▶ Task directions: Quote all of the data exactly as given. Skip every picture it contains.

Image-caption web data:

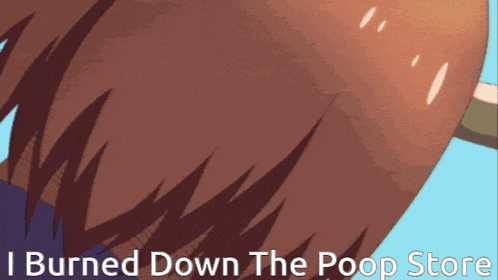a picture of a person with the words i burned down the poop store below them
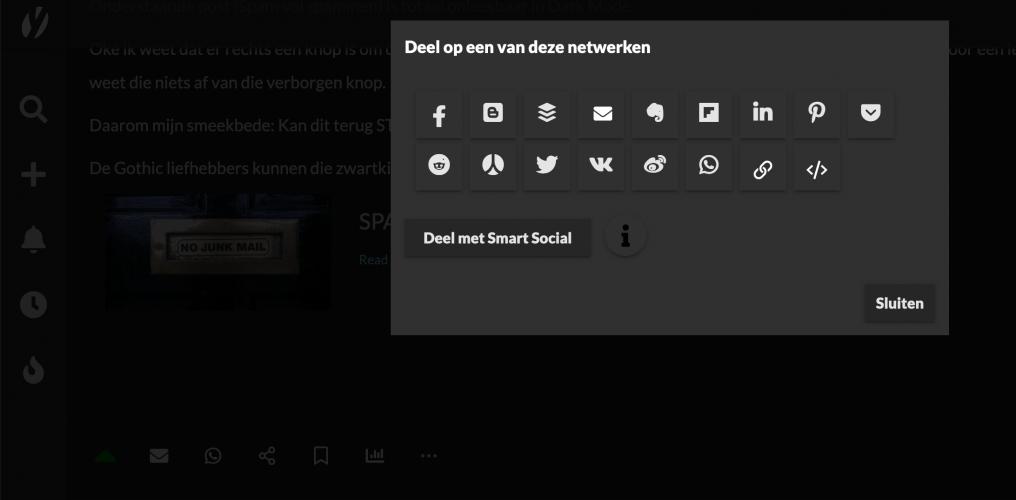 <div><a class="removable-mention" data-mentionid="117432" href="/useroverview/117432/Gele%20Hesjes%20%F0%9F%94%94">@Gele Hesjes 🔔</a> Ik heb het geupdate.</div><div><br></div><div>En je deelknop zit er nog, Die zit tussen whatsapp en bookmark. Je moet wel ingelogd zijn om ze te zien momenteel. Als je op die deelknop  klikt, zie je alles weer<br></div>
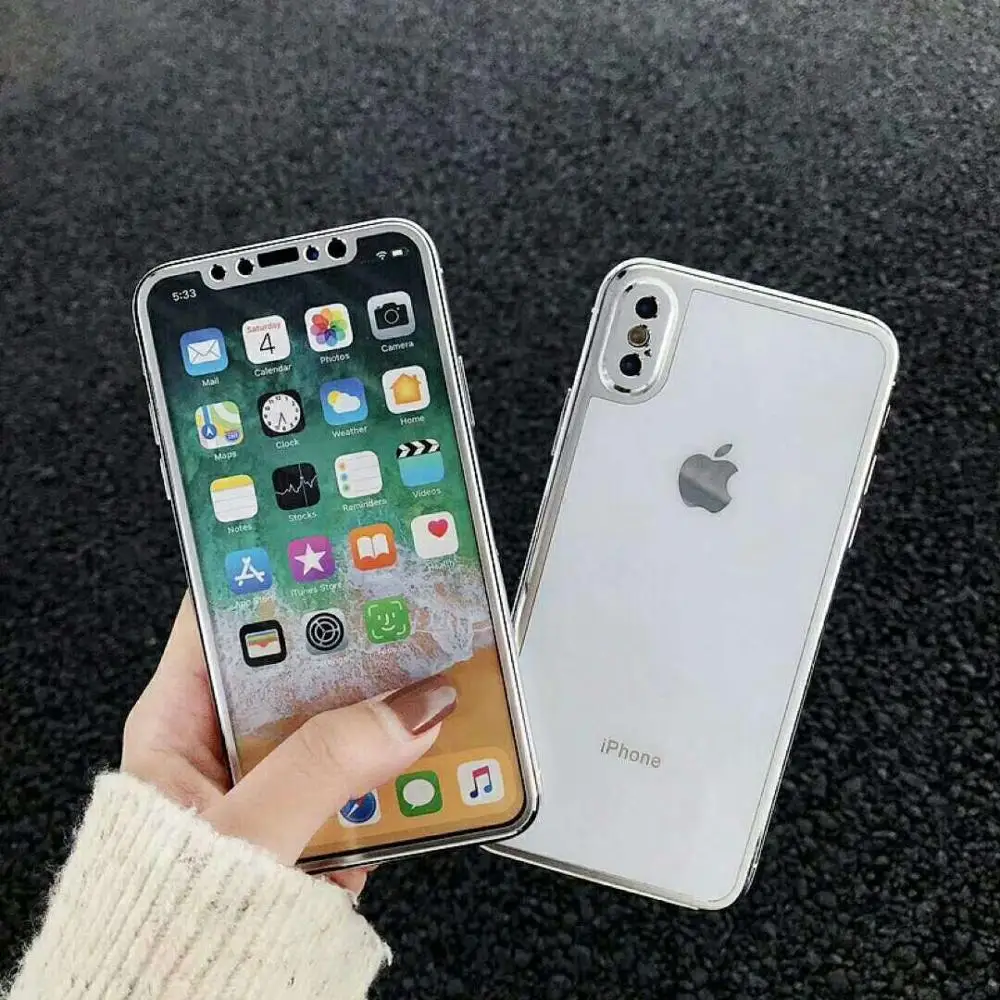 10 комплектов для iPhoneX XS MAX XR металлический передний экран 9 H закаленная Защитная пленка для стекла+ задняя полная защита корпуса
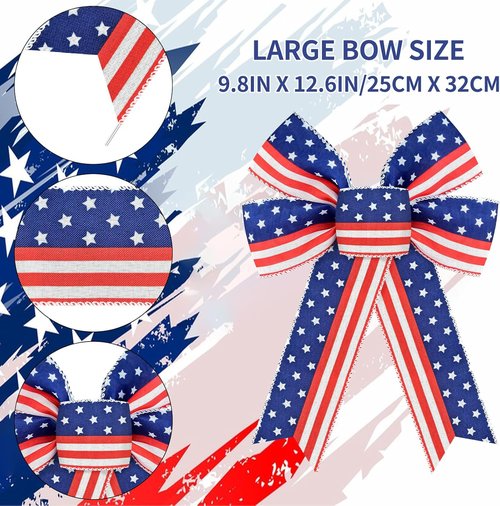 MuPera Patriotic Bow Set - 6 Pcs Red, White & Blue Wreath Bows for Independence Day Decor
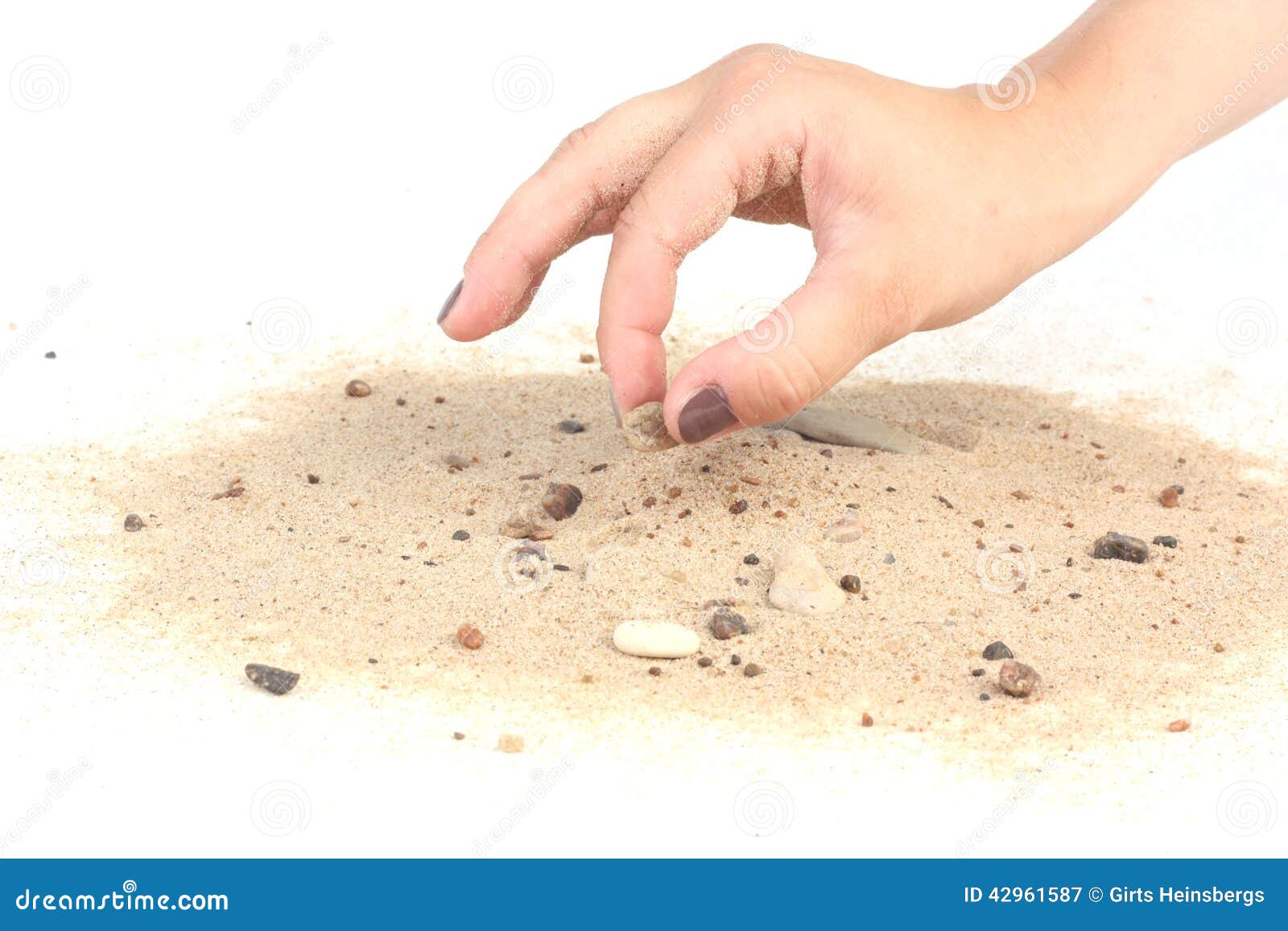 Picking Up Stone From Sand On White Background Stock Image Image of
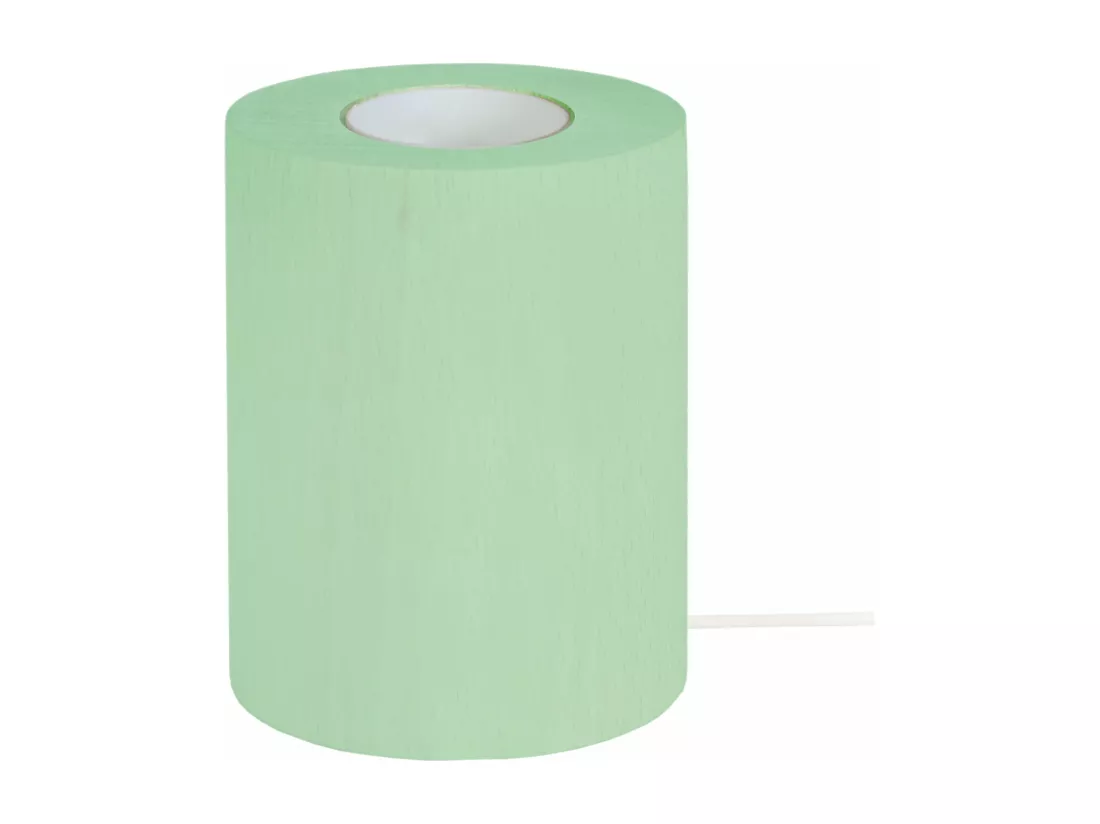 Pied de lampe cylindre bois vert 10,5 cm.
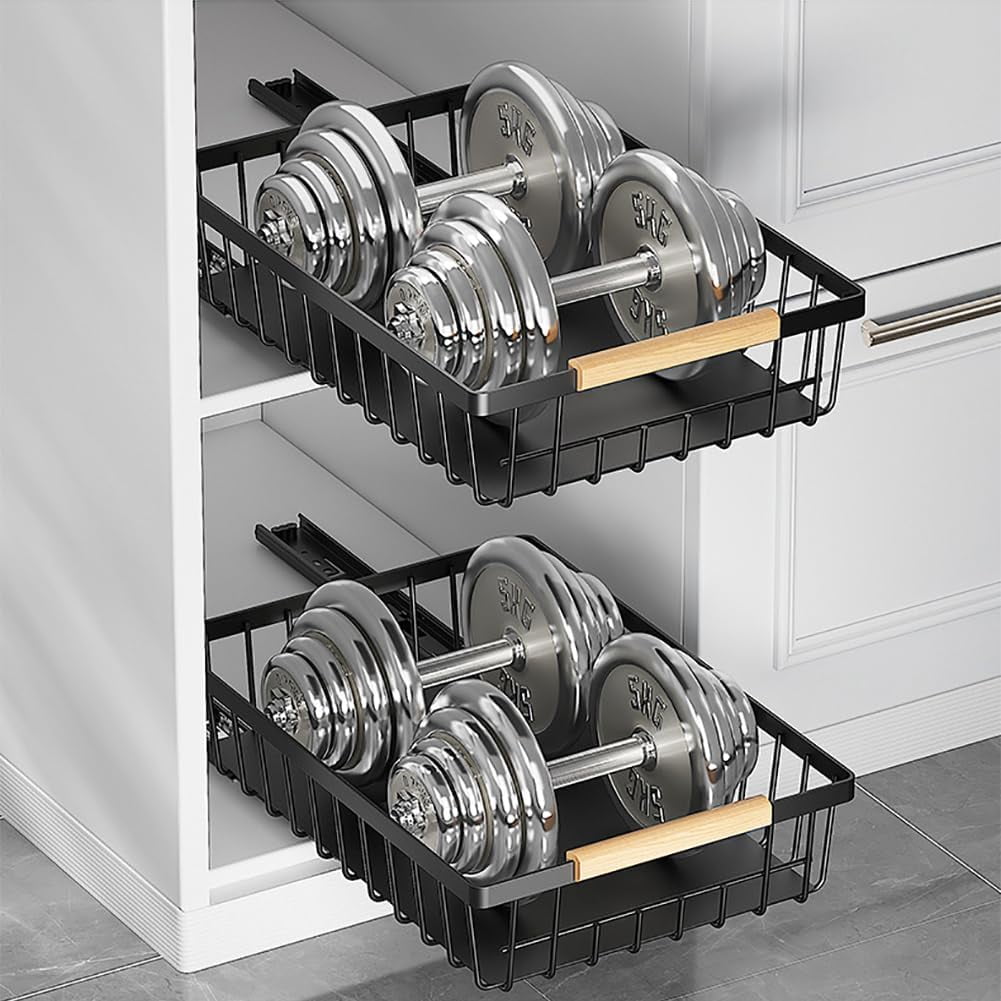 HOBLOC No Drill Pull Out Cabinet Organizer,Multifunctional Under Sink Pull Out Drawers Storage Sliding Kitchen Storage Drawer For Kitchen Bathroom Cabinets Pantry Black Upgraded 2 Card Lines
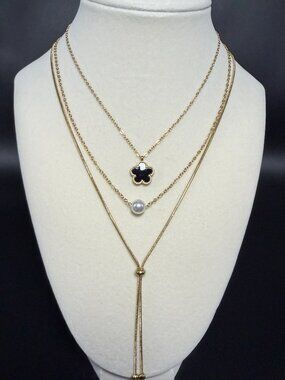 3 Separate Gold Necklaces Black Clover Pearl Lariat Set Minimalist Jewelry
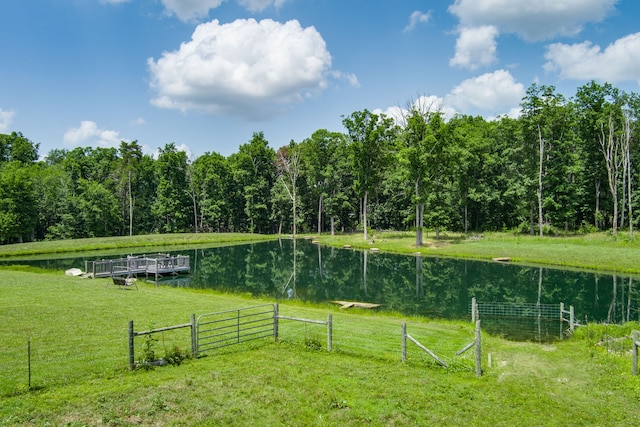 view of yard with a water view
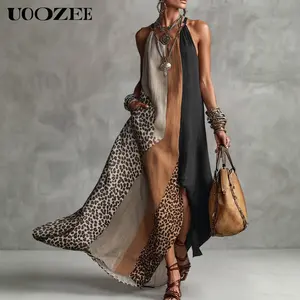 UOOZEE Women's Silky Light Polyester Halter Sleeveless Leopard Print Maxi Dress - Asymmetric Color Block Split, Loose Flowy Long Gown with Side Pockets, Hoop, Ribbon for Vacation Spring Wear
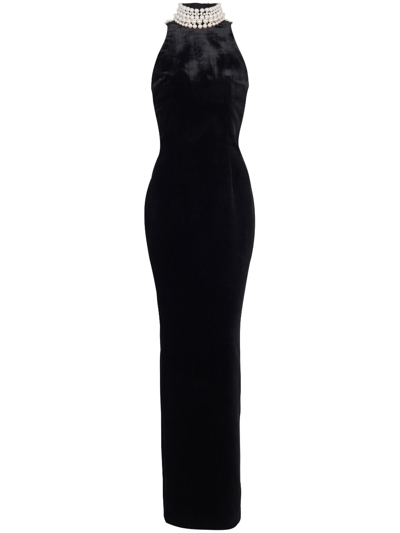 Shop Balmain Faux Pearl-embellished Velvet Gown In Schwarz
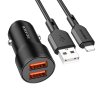 Nabíjačka do auta Borofone BZ19 vrátane lightning kábla Dual 12W čierna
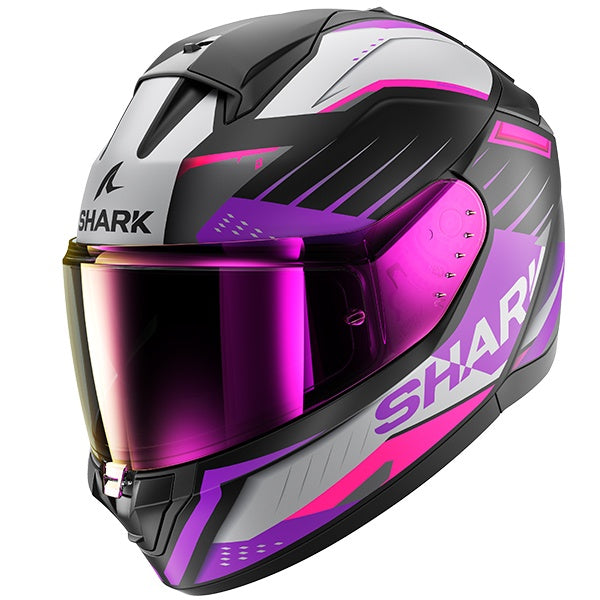 Shark Ridill 2 Full Face Helmet - Bersek KVV - Matt Grey / Pink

▶ Solved exercise:
a picture of a person with the words i burned down the poop store below them
 <div><a class="removable-mention" data-mentionid="117432" href="/useroverview/117432/Gele%20Hesjes%20%F0%9F%94%94">@Gele Hesjes 🔔</a> Ik heb het geupdate.</div><div><br></div><div>En je deelknop zit er nog, Die zit tussen whatsapp en bookmark. Je moet wel ingelogd zijn om ze te zien momenteel. Als je op die deelknop  klikt, zie je alles weer<br></div>
 10 комплектов для iPhoneX XS MAX XR металлический передний экран 9 H закаленная Защитная пленка для стекла+ задняя полная защита корпуса
 MuPera Patriotic Bow Set - 6 Pcs Red, White & Blue Wreath Bows for Independence Day Decor
 Picking Up Stone From Sand On White Background Stock Image Image of
 Pied de lampe cylindre bois vert 10,5 cm.
 HOBLOC No Drill Pull Out Cabinet Organizer,Multifunctional Under Sink Pull Out Drawers Storage Sliding Kitchen Storage Drawer For Kitchen Bathroom Cabinets Pantry Black Upgraded 2 Card Lines
 3 Separate Gold Necklaces Black Clover Pearl Lariat Set Minimalist Jewelry
 view of yard with a water view
 UOOZEE Women's Silky Light Polyester Halter Sleeveless Leopard Print Maxi Dress - Asymmetric Color Block Split, Loose Flowy Long Gown with Side Pockets, Hoop, Ribbon for Vacation Spring Wear
 Shop Balmain Faux Pearl-embellished Velvet Gown In Schwarz
 Nabíjačka do auta Borofone BZ19 vrátane lightning kábla Dual 12W čierna
 Shark Ridill 2 Full Face Helmet - Bersek KVV - Matt Grey / Pink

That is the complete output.